In order to talk about widths, I first need to talk about fonts. WebKit has a different concept of a font than your operating system does. To WebKit, a font comprises of a sequence of FontData objects, which are used for fallback. When you say, for example, <div style=“font-family: Helvetica, Arial;”>text</div>, “Helvetica” refers to a FontData object and “Arial” refers to a FontData object.

There are two subclasses of FontData: SegmentedFontData and SimpleFontData. SimpleFontData simply represents an operating-system font object (CTFontRef on OS X). SegmentedFontData refers to a collection of SimpleFontData objects, where each SimpleFontData is associated with a unicode range. This is how the unicode-range property in @font-face declarations are implemented. Because a Font is actually a collection of platform fonts, when we want to measure the width of a string using a Font, we’re actually specifying a collection of fonts.

There are actually two text code paths in WebKit: a simple path and a complex path. This is because there are many languages where text layout doesn’t require any complex shaping algorithms. In english, each codepoint has a particular glyph associated with it, and each glyph has an associated advance width, and the glyphs are simply put next to each other one by one. For these cases, we can simply make a map of codepoint to glyph, and glyph to width, and use these maps exclusively when calculating text width. If we use the simple path, there is no need to touch platform APIs at all (except to initially fill the map).

However, some languages, such as Arabic, have complex shaping rules about how to lay out glyphs. In particular, the sequence of glyphs chosen for an Arabic letter might be dependent on the letters surrounding it. For this case, we can’t simply make a cache; we need to invoke the platform’s text shaping API.

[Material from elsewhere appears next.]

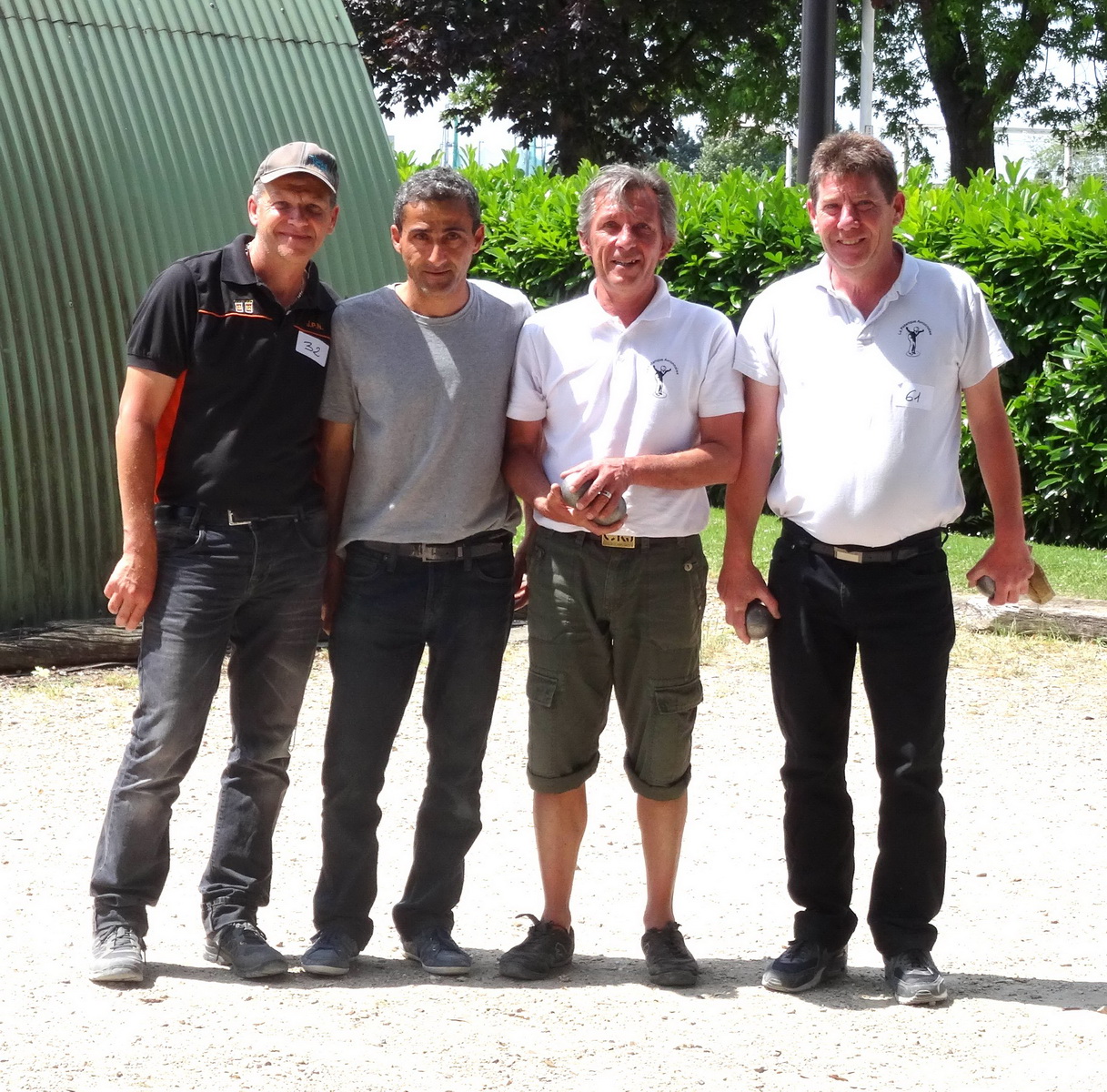 Championnat Départemental Promotion Doublette Senior C.M. LE BOURGET 22.06.2014 Championnat Départemental Promotion Doublette Senior C.M. LE BOURGET 22.06.2014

Therefore, when we want to measure text (Font::width()), the first thing we have to do is determine which codepath to use. There are a variety of things this function (Font::codePath()) considers, but one thing it does is iterates through all the code points, seeing if any come from these complex languages.

As far as WebKit is concerned, the complex codepath is actually easier to understand, since most of the work is delegated to the platform. In particular, each platform has their own implementation of Font::floatWidthForComplexText(), so I can only talk about OS X’s implementation.

The first thing OS X’s implementation of this function does is determines contiguous ranges within the string that are drawn with the same font. This is where font fallback is handled. For each character in the string, it iterates through all the FontDatas inside the Font, testing if that FontData can render the character. This test is performed by creating a CTLine containing only the single character, then iterating through the constituent CTRuns, asking which specific font the platform would use when drawing that particular CTRun. If any of the CTRun’s fonts aren’t the same as the font we are inspecting, the font we are inspecting cannot be used, and we keep searching down the fallback list.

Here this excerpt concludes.